Rabbi Greenwald and Rep. Gilman first crossed paths when the former ran election campaigns in the Jewish community for President Richard Nixon and New York Governor Nelson Rockefeller. Although they worked together for many years on a variety of issues, most prominent was their team effort to arrange spy swaps, which eventually led to the release of Natan Sharansky, Miron Marcus (an Israeli national who was captured by the then-communist government of Mozambique) and several others.

In the Mozambique affair, it was Rep. Gilman who worked with the State Department and others in the U.S. to determine who could be exchanged for Marcus. Ultimately, the exchange was arranged to take place on April 10, 1978, which that year was on Pesach. Harav Moshe Feinstein, zt”l, told Rabbi Greenwald that due to the dangers Marcus faced, the mitzvah of pidyon shevuyim permitted him to travel on Yom Tov in order to secure his release.

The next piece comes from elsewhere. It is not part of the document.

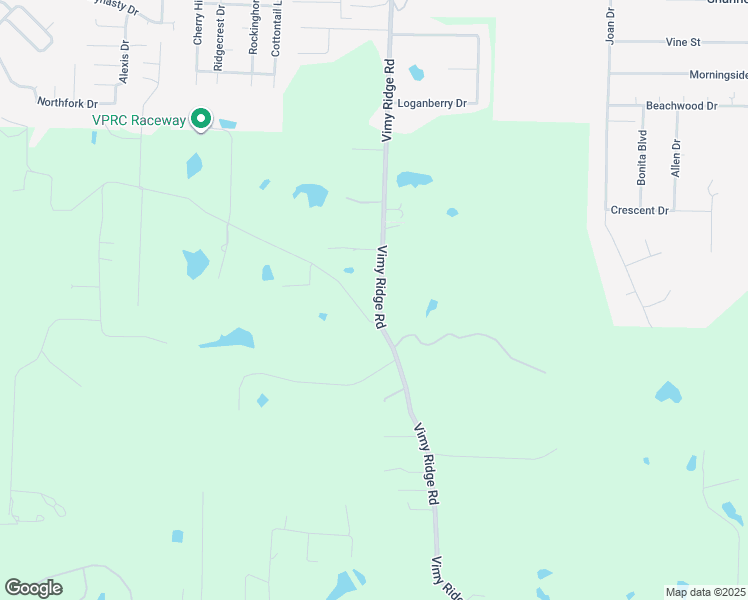 map of restaurants, bars, coffee shops, grocery stores, and more near 15104 Vimy Ridge Road in Alexander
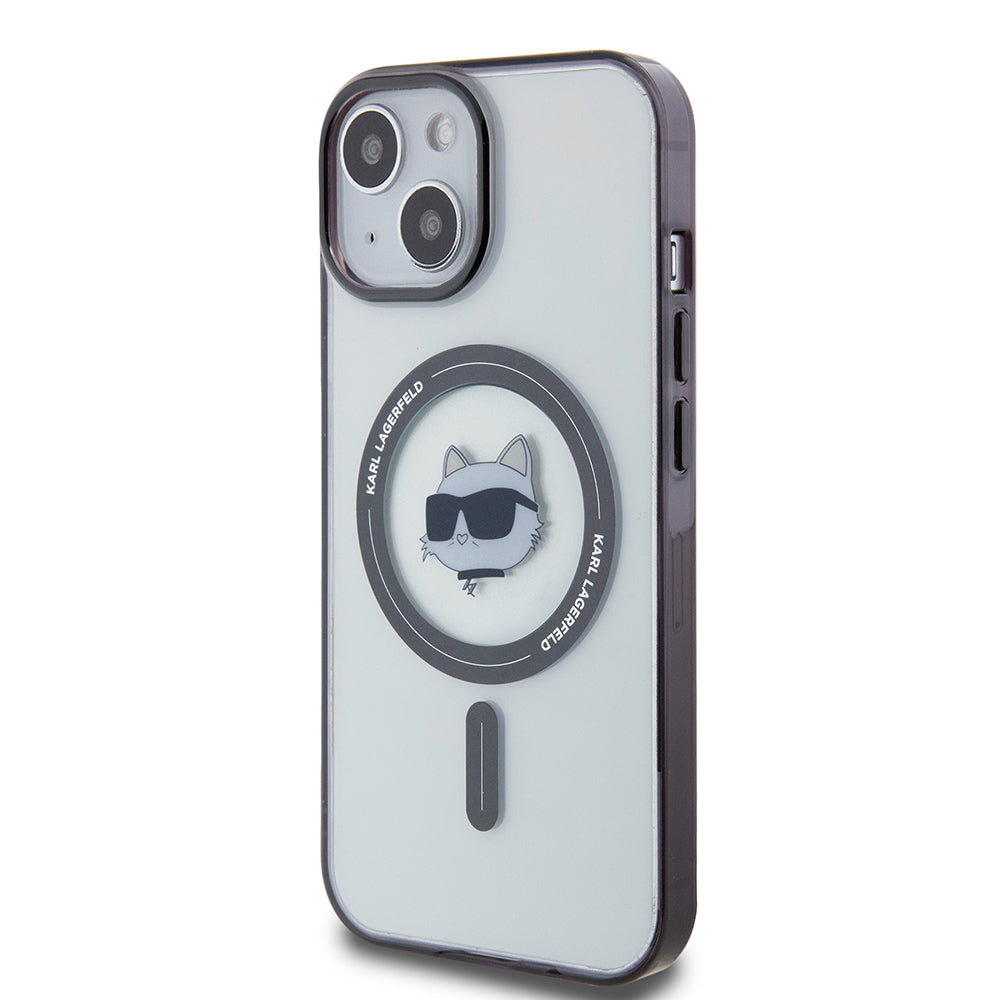 Karl Lagerfeld - IML MagSafe (KLHMP15MHCHNOTK) - iPhone 15 Plus - Transparent Choupette`s Head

“They [Rep. Gilman and Rabbi Greenwald] spent the first seder in Johannesburg and my father made Ben say the Mah Nishtanah, which he probably had not done for 40 years,” said Yisrael Greenwald. “My father said that when they went to the border for the swap, they literally had guns pointed at them the whole time, but they weren’t afraid. They always did what they felt was right.”

Efforts to free Sharansky took several years, finally culminating in his release in 1986. This was largely the work of Rep. Gilman, Rabbi Greenwald and East German spymaster Wolfgang Vogel, who had also been involved in the Marcus incident and several other similar intrigues.

“My father was the dreamer and Gilman was his ready and willing partner,” said Yisrael Greenwald. “I have a lot of very warm memories of them together. He was a great friend to my father and Klal Yisrael, and together they made a true kiddush Hashem.”